My friend circle is very small and they all have their romantic partners and others friends, and not all of them live in the same state. I used to go to conventions and cosplay and, because my friend group got so small, I can't do it as much anymore, since cosplaying is a very social activity. It helped a lot with my depression because I was able to tap into my creativity and sew costumes and make props. Can't do that anymore.

My mother and I have the same birthday. I was hoping that we would celebrate it together. Instead she said, "No, Saturday is my day for church". She goes to church from 9AM-4 or 7PM every Saturday. She also goes to church after work on Monday and Tuesday. Instead, she wants to have dinner after her job the day before our birthday but it's not the same...It really hurt that she can't even spend some time with me on our actually birthday because she'll be in church from 6-9 hours...I respect her religion but she actually told me one time, "You can't expect me to choose between you and the church, can you?" after she promised to take me out for dinner after I accomplished something big and changed her mind at the last second. I feel like I come second even to my mother.

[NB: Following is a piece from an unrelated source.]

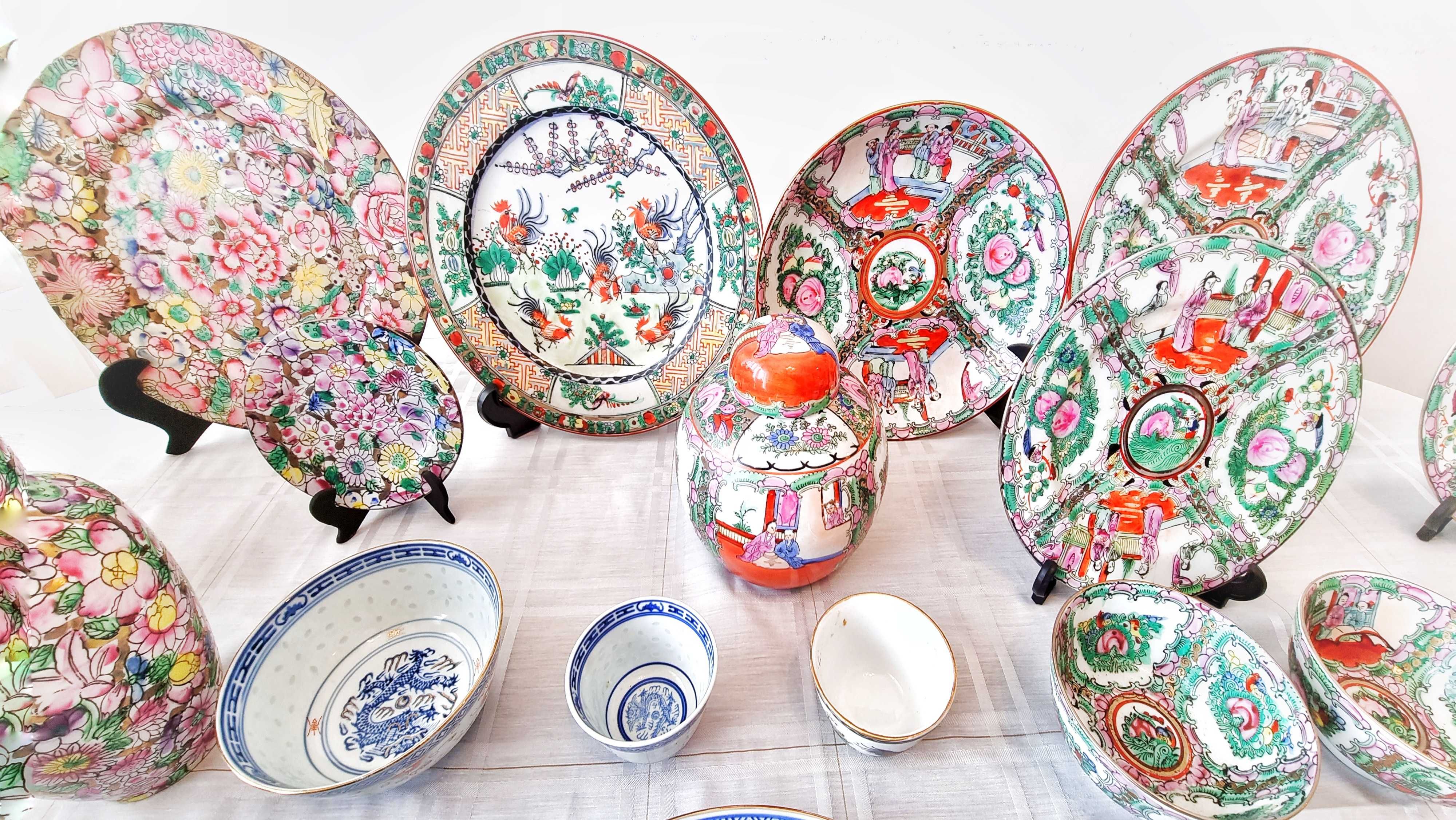 Lote de 40 Porcelanas Macau e China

Anyway, I just feel so sad and depressed, as if I have nothing to live for. I'm feeling worse and worse as the days go by and I can't bring myself to do much of anything. I'm tired of feeling this way and I just want to cry all the time.

I've been working hard since I was a kid and I don't want to die having achieved nothing, you know? I don't want to die depressed.

I'm just very tired.

I don't see the point of trying anymore.